How should we use the GoogleAdapter?

[jorgedanisc]

First off hope that this doesn't come off in a bad way, I just couldn't find any documentation indicating how to use the GoogleAdapter, so I followed the example from the terminal.shop and figured this could be a possibility, can anybody review if this is how we should implement the GoogleAdapter?

import { authorizer } from "@openauthjs/openauth";
import { GoogleAdapter } from "@openauthjs/openauth/adapter/google";

const app = authorizer({
  providers: {
    google: GoogleAdapter({
      clientID: process.env.GOOGLE_AUTH_ID!,
      clientSecret: process.env.GOOGLE_AUTH_SECRET!,
      scopes: ["email"], // Request email scope
    }),
  },
  async success(ctx, value) {
    if (value.provider === "google") {
      const access = value.tokenset.access;

      // Fetch user information from Google
      const response = await fetch("https://www.googleapis.com/oauth2/v3/userinfo", {
        headers: {
          Authorization: `Bearer ${access}`, // Bearer token format for Google
          Accept: "application/json",
        },
      });

      if (!response.ok) {
        throw new Error(`Failed to fetch user info from Google: ${response.statusText}`);
      }

      const userInfo = await response.json();
      const email = userInfo.email;
      console.log("found email", email);

      // Example return statement with mock account ID
      return ctx.subject("user", {
        accountId: "123",
      });
    }

    throw new Error("Invalid provider");
  },
});

export const handler = handle(app);

Looking forward for the documentation, appreciate the work invested in this project!

[jorgedanisc]

Also some notes for configuration over on Google:

On the Authorized redirect URIs you should specify it this way:

https://{your_auth_server_url}/google/callback
or
http://localhost:3000/google/callback (if you are following the examples)

[ripley]

I tried the google adapter with their Lambda example and it worked.

Just make sure the subjects format could pass the validation. To get this I have to use zod (valibot dependency in sst is too old and didn't work, only 1.0.0-beta.X works there) when writing the subject or there is no ~standard validator in the subject.
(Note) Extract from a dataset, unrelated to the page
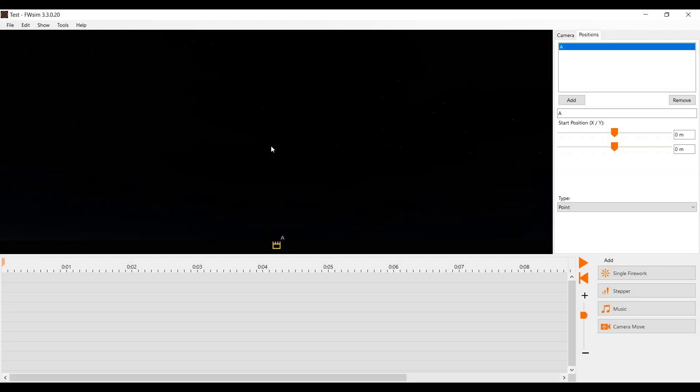Welcome to the second part of our tutorial series. In the first part, we got started creating our fireworks show in FWSim. In this video, you'll learn how to set up firing positions. Furthermore, we talk about the different options for steppers.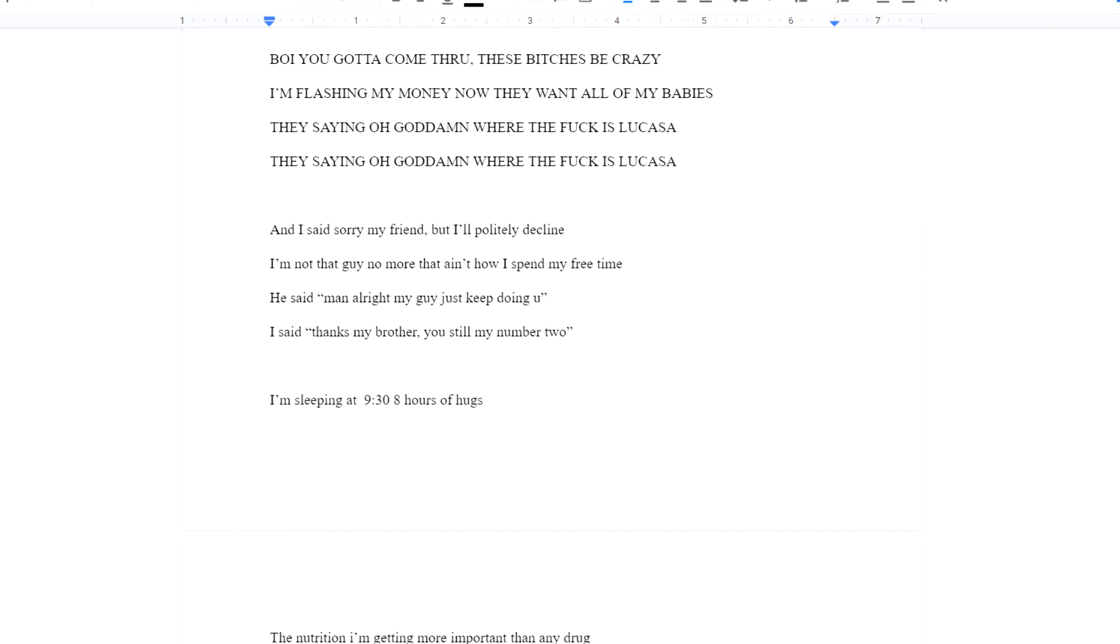He said, boy you gotta come through. These bitches be crazy. I'm flashing my money. Now they all want my babies. They saying, oh god damn where the fuck is Lucasa?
I have also removed the sameSite: "Strict" in the Lambda example or the Set-Cookie header doesn't take effects to set tokens.

[jorgedanisc]

Would you mind sharing a small gist on how you used zod validation with Google ?

[ripley]

If your valibot's version is 1.0.0-beta.X I don't think you need to use zod, the subject creation should be fine as in their example.
In my case I have to keep its version as 0.30.x and the token validation won't pass.
After switching to zod the subject creation is updated from

import { object, string } from "valibot"
import { createSubjects } from "@openauthjs/openauth"

export const subjects = createSubjects({
  user: object({
    id: string(),
  }),
})

to

import { createSubjects } from '@openauthjs/openauth'
import { z } from 'zod'

export const subjects = createSubjects({
  user: z.object({
    id: z.string(),
  }),
})

[bgkittrell]

FYI, Switching to zod helped get me past this error.

Property '"~standard"' is missing in type 'ObjectSchema<{ id: StringSchema<string>; }, undefined, { id: string; }>' but required in type 'StandardSchema<unknown, unknown>'.